What do you mean “role based”?

When you are talking AWS EC2 or any other “cloud infrastructure” traditional ways of naming and organizing systems are just not flexible enough. When autoscaling, instances come and instances go. Your 4 web servers may, at any moment turn into 6 servers. When you scale back down it might not be the original 4. The EC2 assigned DNS like ec2-54-86-7-157.compute-1.amazonaws.com really don’t tell you anything about what that server does. To solve this problem, I create a couple of simple definitions (in this case Puppet “facts”) that I use to organize the systems in a human way. With tools like Puppet I can deploy my configuration and code to servers in various roles. MCollective allows me to run commands and manage the systems simultaneously by role. It doesn’t matter if it’s 4 servers or 100.

A bit of background.

Puppet and MCollective use a program called Facter to generate “facts” about a system. Facter runs on the agent systems during the Puppet agent run. These facts end up as top level variables in Puppet. For example $::hostname is facter hostname.

Assigning roles.

Now we need a way to assign roles to the instances when we boot them. To keep it simple, I’m using inline yaml in the user-data to create some basic “facts” at build time. Using yaml makes it easy just populate the user-data box in the AWS Management GUI, AWS CLI or for use in more advanced automation like CloudFormation. Here is what I include in the user-data:

  • env: Instance environment - Examples: dev, qa, stg or prd
  • role: Instance role - Examples: www, api, mongodb<
{env: prd, role: mrfancypantsapp}

This simple python script reads the user-data (provided to the instance by an AWS magic url) and spits out key=value pairs for Facter so we can use these values in Puppet. I namespace these values with site='mysite' so they don’t stomp on values set by other data sources. Just place this script in the

/etc/facter/facts.d directory and Facter will process it on each run. I include this script in our custom AMI builds so this works at boot.

#!/usr/bin/env python
site = "site" # change this to your own site

import yaml
import subprocess

userData = subprocess.check_output('/usr/bin/ec2metadata --user-data', shell=True)
facts = yaml.load(userData)
for k in facts.iterkeys():
    print site + "_" + k + "=" + facts[k]
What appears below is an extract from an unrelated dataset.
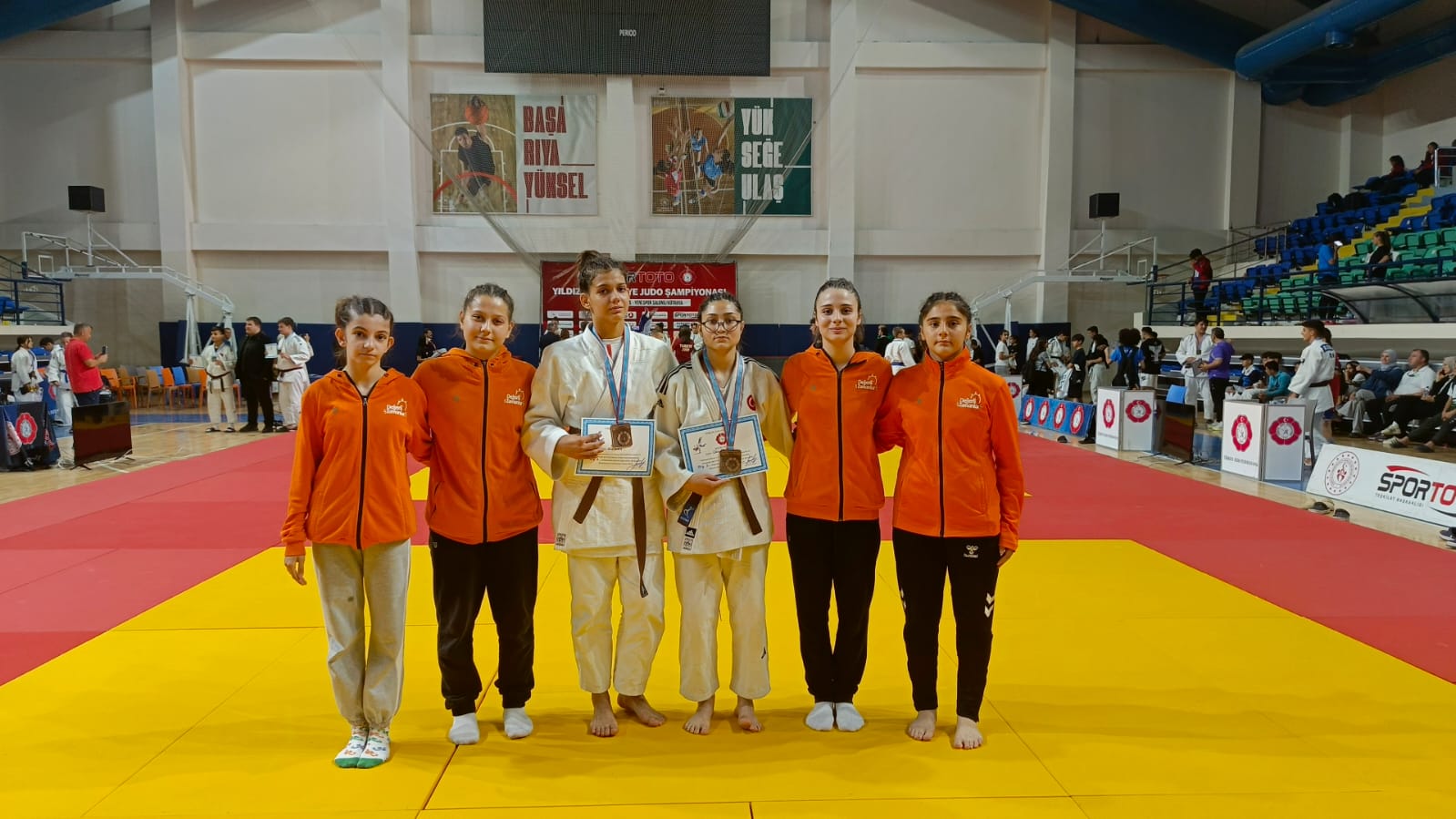 8F9D8Ddd 0E2B 4B2E A02A E616C9Fce2A7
These facts will now be top level variables in Puppet. You can see them and other things Puppet/Facter thinks are important for identifying your system by running facter on the agent host. Using this simple yaml makes it easy to add more facts at build time.

But wait, I have a bunch of systems already running.

You can’t modify user-data on running instances, but all Facter wants is something that spits out key=value pairs. For legacy systems I use a simple shell script to echo values. Place this script in the /etc/facter/facts.d directory.

#!/bin/sh
echo site_env=prd
echo site_role=mrfancypantsapp